Five thousand people on Jobseekers' Allowance will have a year's work with local employers paid at the minimum wage and with full rights over holidays and sick pay.

Lone parents, men over 50 and people on sickness and disability benefits will be among groups targeted by the new StepUP programme. It will be specifically aimed at those jobless people – including those with problems with literacy or self-confidence – who have been struggling to get back into the labour market.

Department for Work and Pensions officials said it was the first time that the Government had met the full cost of providing jobs for the unemployed. The scheme will cost the Treasury about £8,500 for each person taken off the dole.

A DWP spokeswoman said the former claimants would be given "proper jobs" in such areas as haulage or construction, or clerical work. Companies would not be allowed to remove staff to make way for the Government-funded employees.

People chosen for the scheme will be offered a choice of posts, but lose benefits if they turn them all down.

Mr Darling said: "There are still groups suffering high levels of inactivity and concentrations of high unemployment in some of our large cities and areas once dominated by heavy industry."

The scheme will be launched in April in Sheffield, Cardiff, Oldham, Sunderland, Lambeth in London and East Ayrshire. It will be extended to 14 other areas.

Mr Darling also announced a £6m expansion of the rapid response service that aims to help workers made redundant.

Making a Commons statement on the annual uprating of benefits, he said: "We're determined to ensure employment opportunity for all – including those who have missed out in the past – and these measures will help us do that. We're doing more to help people into work, and to help those who can't."

He also told MPs that pensioners would be an average of £400 a year better off because of Government handouts and that more than five million pensioners stood to gain under the new Pension Credit.

He said the credit would bring single pensioners' entitlement up to a guaranteed minimum of £100 a week in 2003, while couples would receive at least £154. The figures would rise in line with earnings for the rest of the Parliament.

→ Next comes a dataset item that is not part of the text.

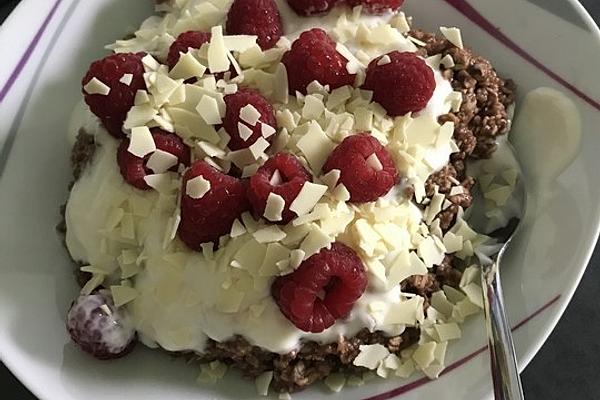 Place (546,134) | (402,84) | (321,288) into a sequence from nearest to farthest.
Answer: (321,288)
(402,84)
(546,134)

Mr Darling said it would also provide "an additional top-up to reward pensioners age 65 or over who have saved for their retirement".

He said maternity allowance and statutory maternity pay would rise from £62.20 to £75 next April and increase to £100 a week in 2003, helping around 340,000 families a year. The "Sure Start" maternity grant will rise from £300 to £500 next year.

The disabled child premium will go up by £5 a week to £35.50 and top £40 in 2003.

Mr Darling also announced that the earnings of disabled people and their partners would no longer be taken into account in the independent living fund, worth an average of £130 a week.

David Willetts, the shadow Work and Pensions Secretary, said 60 per cent of pensioners would be put in a position where their income was determined by the means testing of the pensions guarantee.

He said the "tinkering" of the benefits structures and rates baffled hard-working families.

Steve Webb, for Liberal Democrats, said the Pension Credit was "far more complicated a thing to claim than the basic state pension".